My gut tells me that: 1) ROP vs LOP would matter with a constant speed prop because, as power varied with mixture, the governor would vary the blades? pitch accordingly to maintain the same RPMs; but, 2) blade pitch obviously won?t vary like that with a fixed pitch prop. If a fixed pitch prop has more power delivered to it, then it spins faster and vice versa with less power. Right?

My gut also tells me that altitude would matter with a constant speed prop because, as power varied because of the varying air charge density and amount of exhaust back pressure, the governor would again vary the blades? pitch accordingly to maintain the same RPMs. But, again, the blade pitch won?t vary like that with a fixed pitch prop. Again, if a fixed pitch prop has more power delivered to it, then it spins faster and vice versa with less power. Right?

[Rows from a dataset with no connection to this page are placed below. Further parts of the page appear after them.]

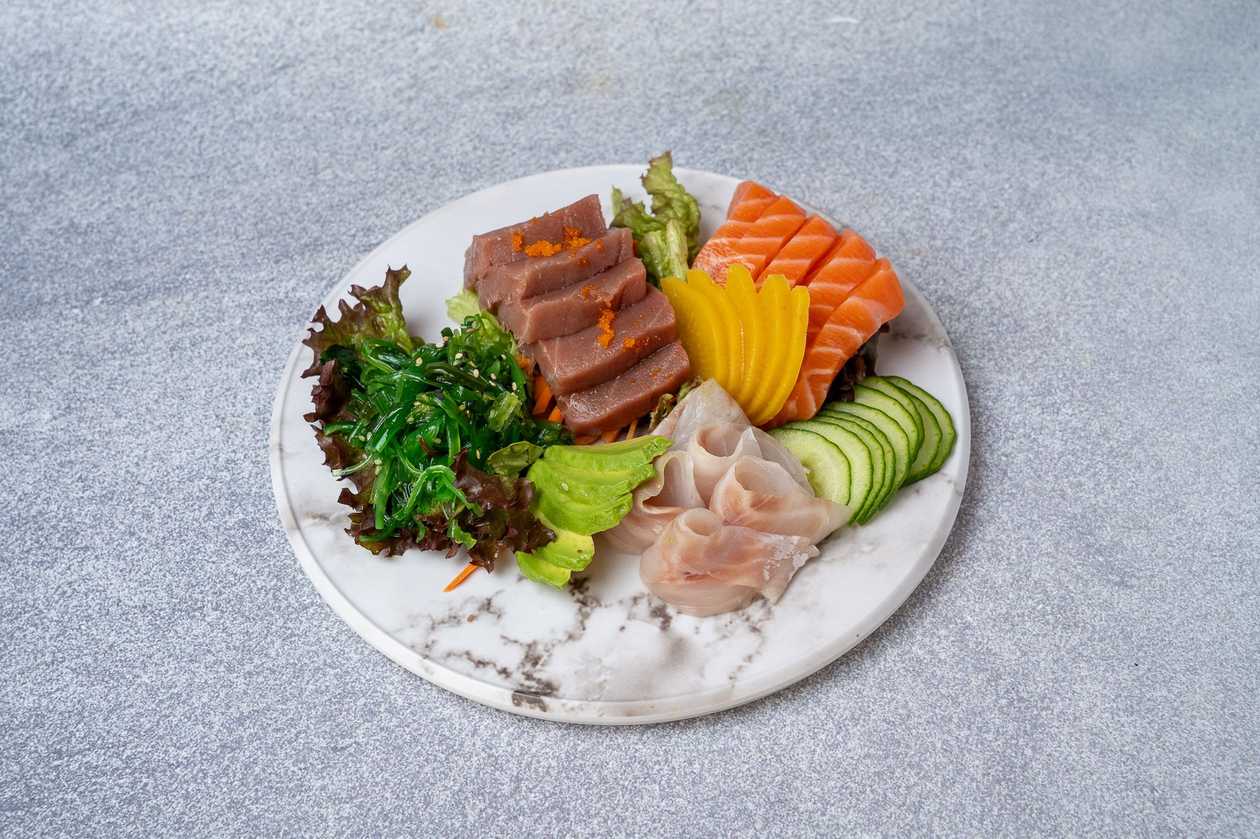 Ocean Deluxe Sashimi Platter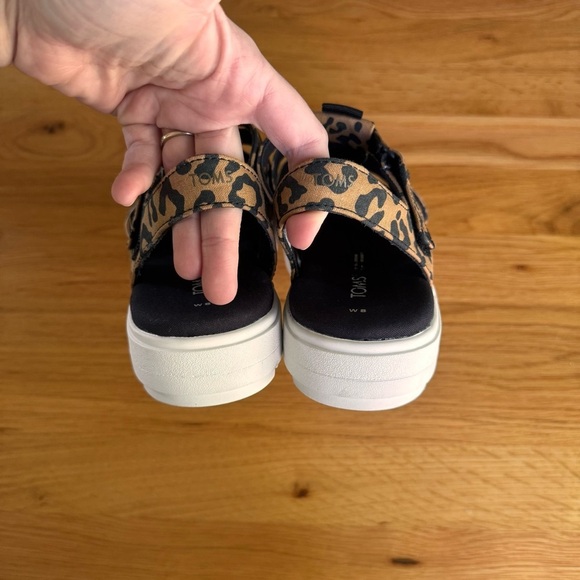NWT Toms Fisherman Lug Sandals in "Toffee Leopard Canvas" Size 8 - Picture 6 of 10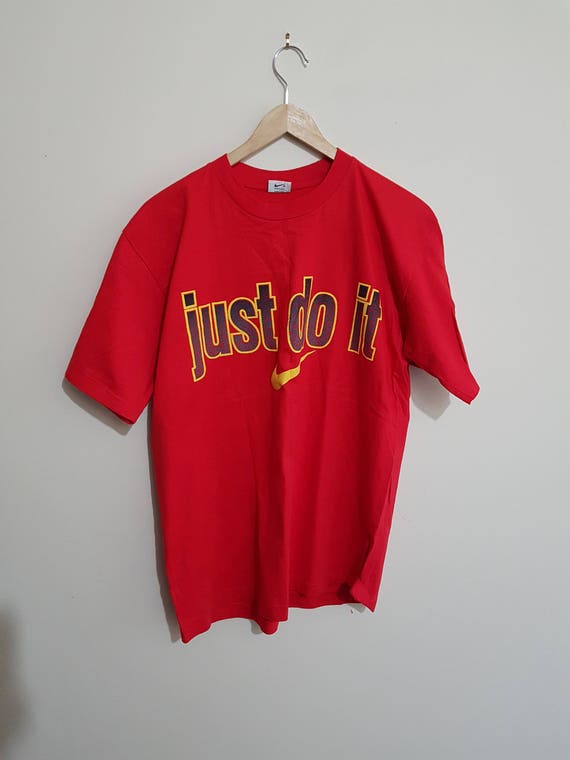 red nike just do it shirt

Stick and Rudder suggests that the reason a normally aspirated engine, driving a fixed pitch prop, loses RPM as altitude increases is that the friction resulting from a given RPM is constant despite the altitude increase. In other words, there is a certain friction loss at every RPM regardless of the altitude at which those RPMs are generated. It?s just that, at progressively higher altitudes, the HP required to overcome the internal friction of the engine is a progressively higher percentage of the total power available. So, does that mean a fixed pitch prop being operated at high altitude would slightly underreport, via RPMs, the percentage of rated power the engine was actually generating as compared to what that engine would report, via RPMs, at a lower altitude, because a greater proportion of the power would be needed just to overcome friction? Or, am I over-thinking this aspect?

So, in the scenario that I?ve described, does % power = RPM? If not, what am I leaving out?
 
%Power .NE. RPM

Monte,

MP is your power indicator along with a few other items such as fuel burn when leaned according to your engine manual.

That's why you can go up to 8,500' and push your throttle in all the way and if your FP is sized correctly, your engine should run right up to its redline (say 2700 RPM) while producing 75%. BTW, you can run that way all you want w/o hurting your engine. Down low, where the air is more dense and you can produce more power, thus 75% power comes at a lower RPM.

Go up higher than that 8,500' and you are producing less than 75% at the same RPM.
 
But, will it work?

Thanks, Bill and Rich.

Bill, I agree with what you wrote. But, can the "calculation" be simplified when we're only addressing fixed pitch props? Isn't MAP already accounted for / factored in to the RPM produced when using a fixed pitch prop because, other things being equal, more MAP will increase RPM while less MAP will decrease RPM?

Rich, there are some good points in that link. But, MAP is half of the "rule" of 48. So, again, isn't that already accounted for / factored in to the RPM produced when using a fixed pitch prop?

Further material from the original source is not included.